# Extracted records:
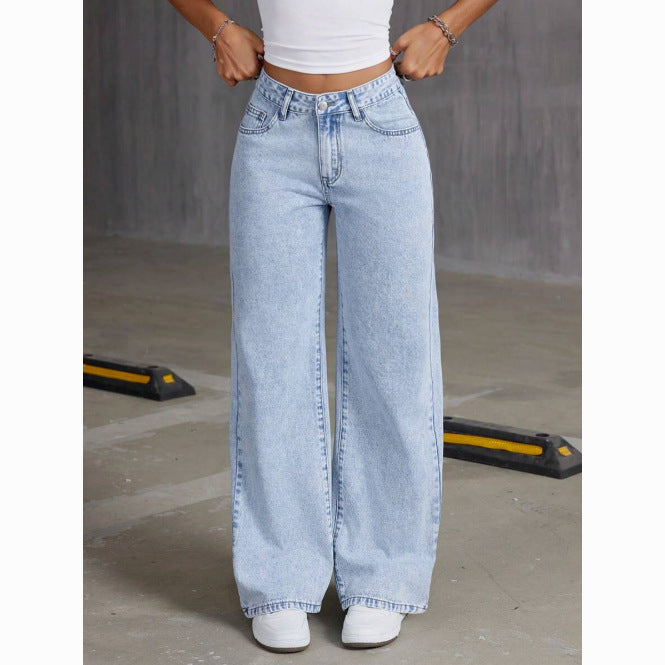 Casual High Waist Loose Straight Leg Pants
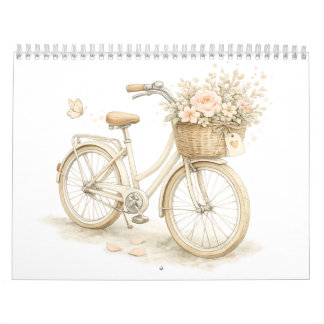 Calendrier Vintage Bicycle Floral Wall Calendar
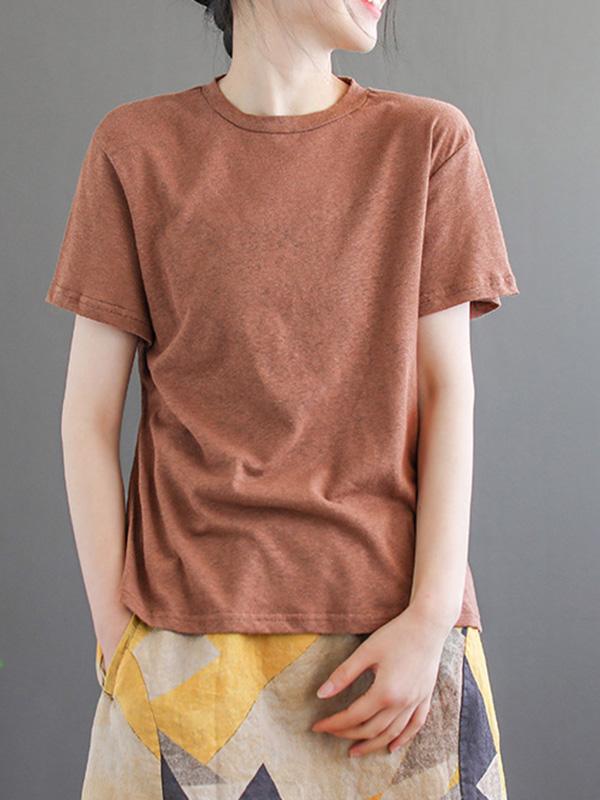 Vintage Solid Round Neck T-Shirt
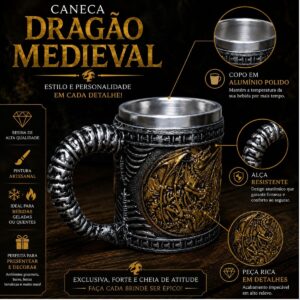 Caneca Dragão – 300 ML – Prata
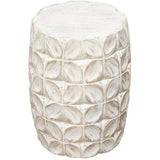 Solid Mango Wood Accent Table in White Finish Leaf Motif Side Tables LOOMLAN By Diamond Sofa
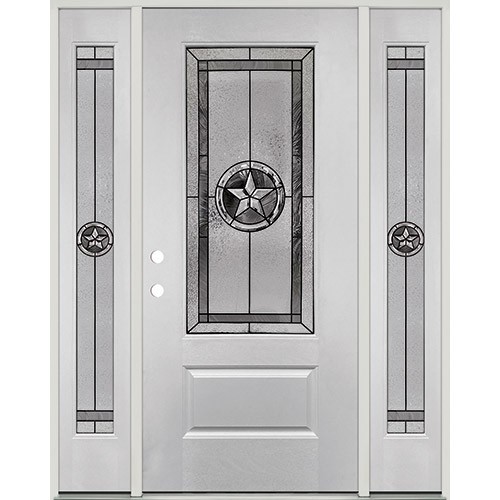 Star 3/4 Lite Fiberglass Prehung Door Unit with Sidelites #4032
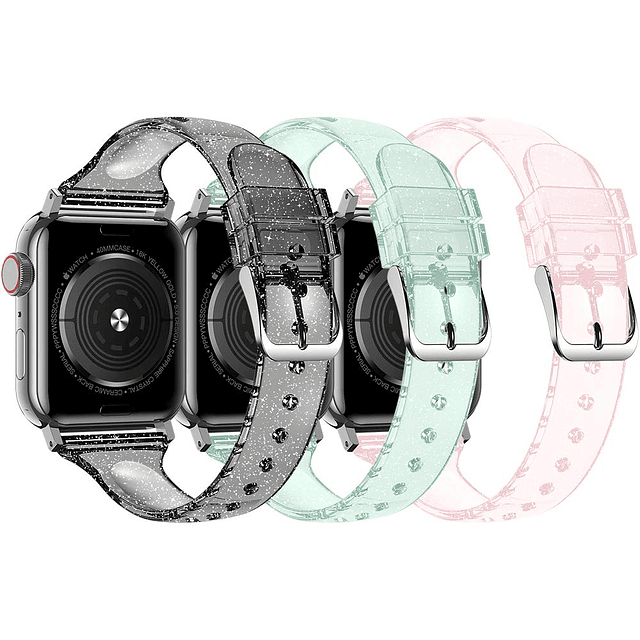 Compatible con Apple Watch Band, Paquete de 3 Correas de Sil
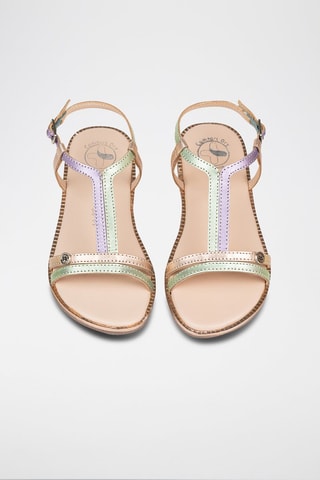 Sandali in pelle - Verde e dorato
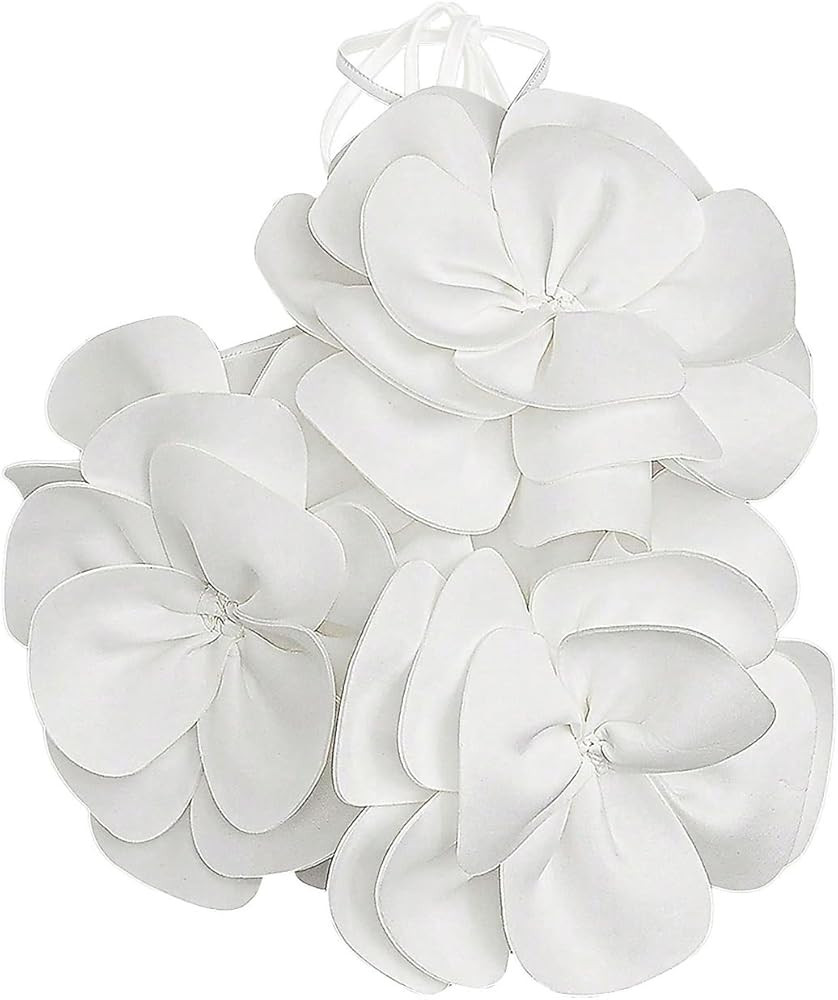 WDIRARA Women's 3D Flower Backless Halter Cami Top Sleeveless Camisole Crop Tops | Amazon (US)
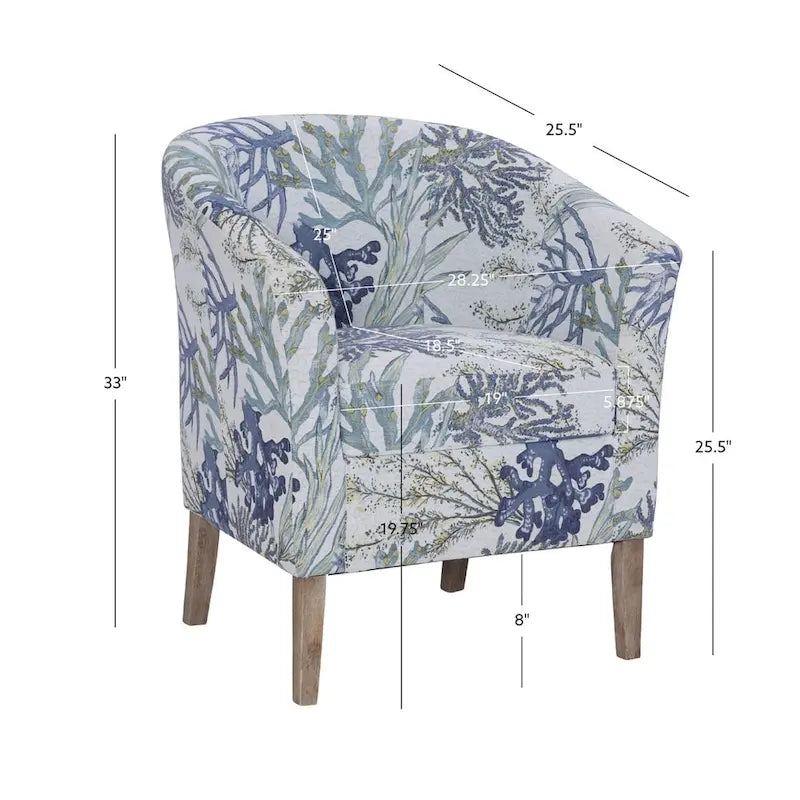 Fauteuil club tonneau à imprimé corail Oceanside, une place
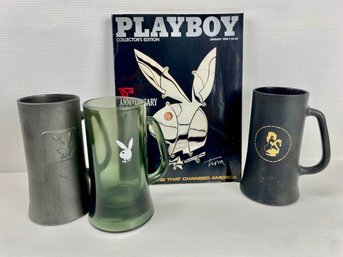 Vintage Playboy Mugs And 35th Anniversary Issue Magazine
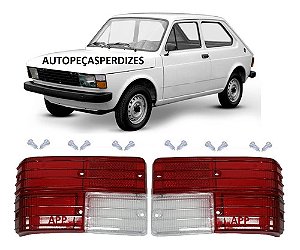Jogo Lente Lanterna Traseira Fiat 147 Ate 1982 Vermelha C/p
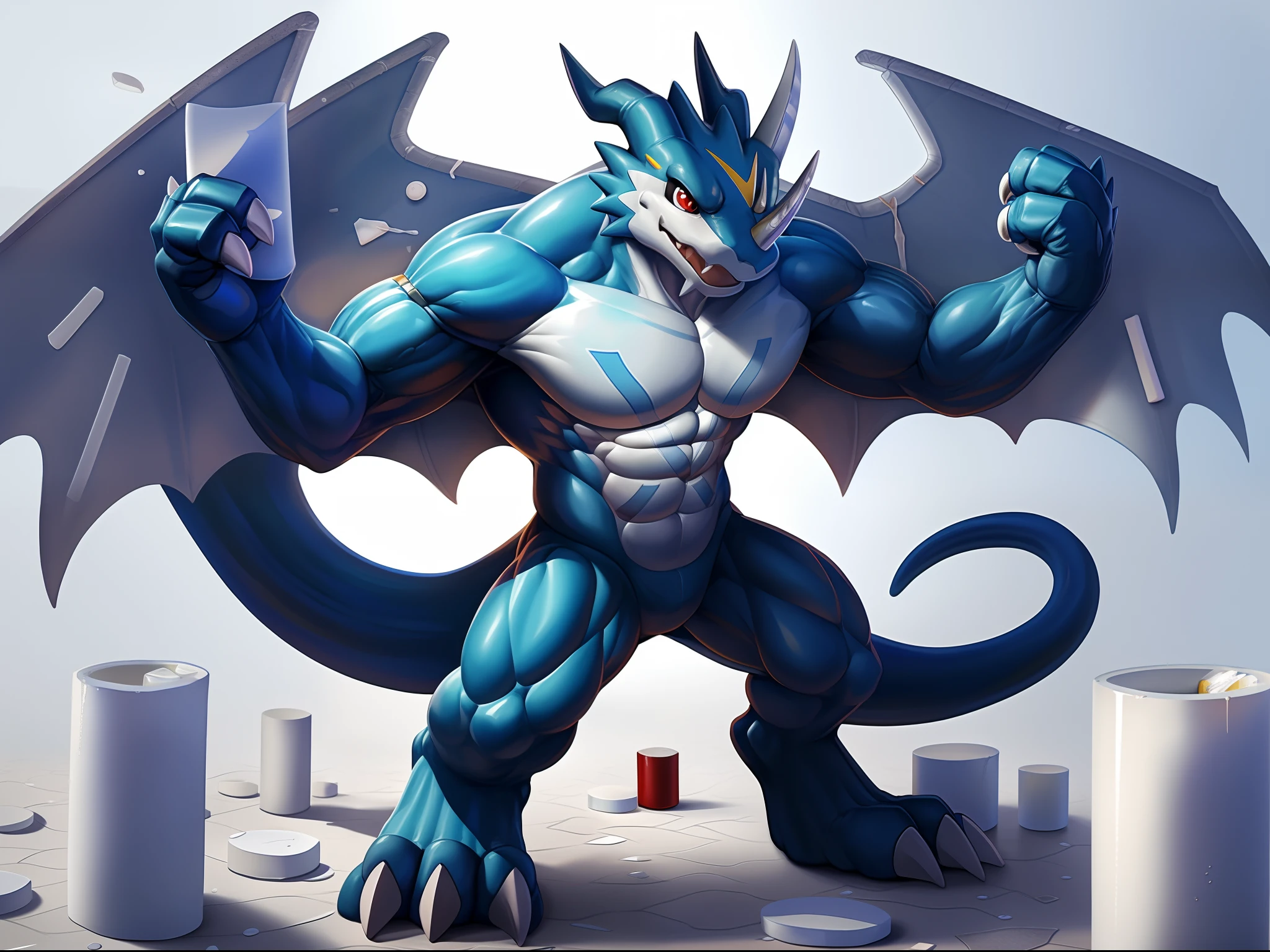 exveemon, ((lineart)), red eyes, anthro, scalie, featureless crotch, claws, blue skin, simple background, membranous wings, muscular, horns, tail, blue body, muscular solo, nintendo, membrane (anatomy), toe claws, pokemon (creature), pokemon, hi res, white claws, wings, pokemon (species), standing, closed mouth, solo,Muscular body, imposing body,Imposing appearance, muscular arms, muscular legs, only body, trapezoid torso, sturdy body, muscular body, defined round and fleshy pecs, defined washboard ABS, defined armsBREAK (half body photo:1.6),solo,On the right side,(8k, RAW photo, best quality, masterpiece), (realistic, photo-realistic), 8k wallpaper, masterpiece,Cinematic Lighting, best quality,dramatic angle,pwide shot,(from side:1.05)  no humans,huge mecha, science fiction,white background,no humans, white,fighting stance, (porcelain (materials):1.6), (metal(materials):1.4)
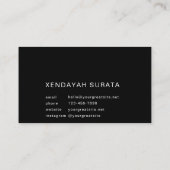 カスタムブランド白黒ミニマリストラグジュアリー 名刺 (裏面)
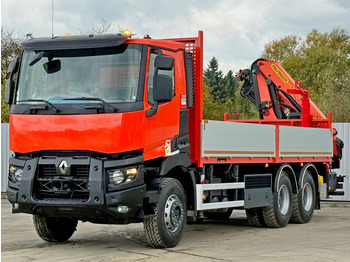 Valníkový/ Plošinový nákladný automobil, Auto s hydraulickou rukou Renault C430 * PALFINGER PK 18002 - EHC + FUNK/ 6x4: obrázok 5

# Task:
What is needed is the exact run of lines from the start of the data through the line with "Vintage Playboy Mugs", both ends included, minus the pictures.

# Task response:
 Casual High Waist Loose Straight Leg Pants
 Calendrier Vintage Bicycle Floral Wall Calendar
 Vintage Solid Round Neck T-Shirt
 Caneca Dragão – 300 ML – Prata
 Solid Mango Wood Accent Table in White Finish Leaf Motif Side Tables LOOMLAN By Diamond Sofa
 Star 3/4 Lite Fiberglass Prehung Door Unit with Sidelites #4032
 Compatible con Apple Watch Band, Paquete de 3 Correas de Sil
 Sandali in pelle - Verde e dorato
 WDIRARA Women's 3D Flower Backless Halter Cami Top Sleeveless Camisole Crop Tops | Amazon (US)
 Fauteuil club tonneau à imprimé corail Oceanside, une place
 Vintage Playboy Mugs And 35th Anniversary Issue Magazine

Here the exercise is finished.